I might want more revenues and fewer cuts to programs that benefit middle-class families that are trying to send their kids to college…”  Barack Obama, 7/11/11 press conference

It is curious, but no longer surprising, that this statement doesn’t warrant any attention.  Correct me if I’m wrong here, but wouldn’t middle class families be in the middle?  It seems reasonable to conclude that a) the country’s real standard of living should approximate what the middle can afford and that b) except perhaps in the case of unforeseen emergencies, the middle class should be able and called on to manage their own affairs. 
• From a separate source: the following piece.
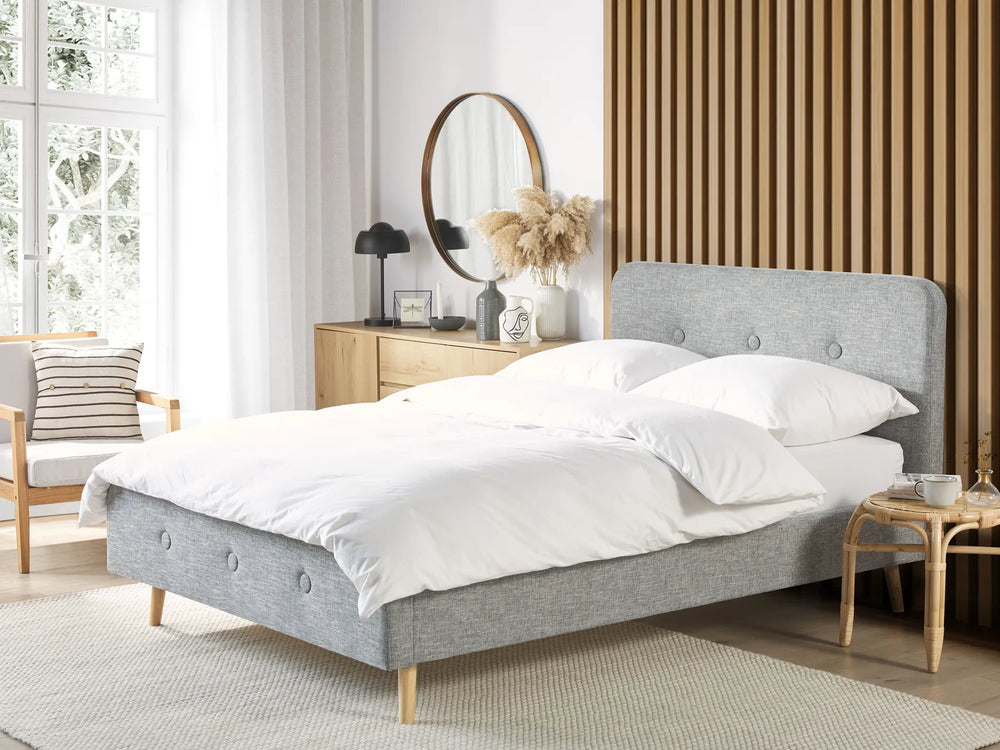 Gray upholstered bed in a bedroom with white bedding and wooden furniture.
Now I don’t doubt that modern life requires some income transfer from rich to poor and, to a lesser extent, from middle to poor, and that while I think it would be better if this were done privately the reality is that government is going to be the primary vehicle for these transfers.  But I don’t see how the U.S. middle class has a legitimate claim to take, by law, the wealth and property of the upper class.

But I suspect that is only a small part of what is going on here.  What is happening is the crisscrossing of dollars and money illusion that Buckley describes in the earlier, Up From Liberalism quote.  The middle class family needs assistance in paying for their kid’s college education because they’ve paid for everyone else’s college education, and because government assistance has seriously diminished economic discipline on both the supply and demand side of college education.

And finally, providing assistance to the middle class, if it is real net-net assistance, is essentially allowing the majority of the population to live beyond its means which is how an extraordinarily wealthy nation like the United States can find itself in a debt crisis.  As Herbert Stein observed, something that can't go on forever, won't.